I would love to lend a hand to finding fixes and would be more than happy to dig in. However the host driver code is beyond my capabilities. I program at work at a much more abstracted layer from hardware. Coding with micro-controllers has brought me much closer to low level interactions with hardware and it has been fascinating and frustrating. Hey maybe with a enough spark core tinkering I’ll get there.

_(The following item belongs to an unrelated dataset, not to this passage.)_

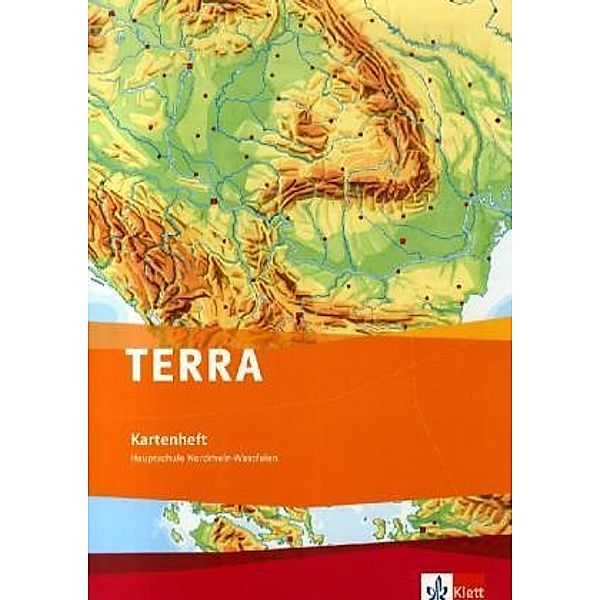 TERRA Kartenheft. Ausgabe Nordrhein-Westfalen Hauptschule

So for now I am at the mercy of other users and spark team members to look in to this issue. I’ll retry the test program after the firmware update comes out.

Thanks Again.

Nope.

Check out the feature/hal branch. You'll see a reorganized file structure, better testing, and there is a much cleaner separation of hardware-dependent and hardware-independent code.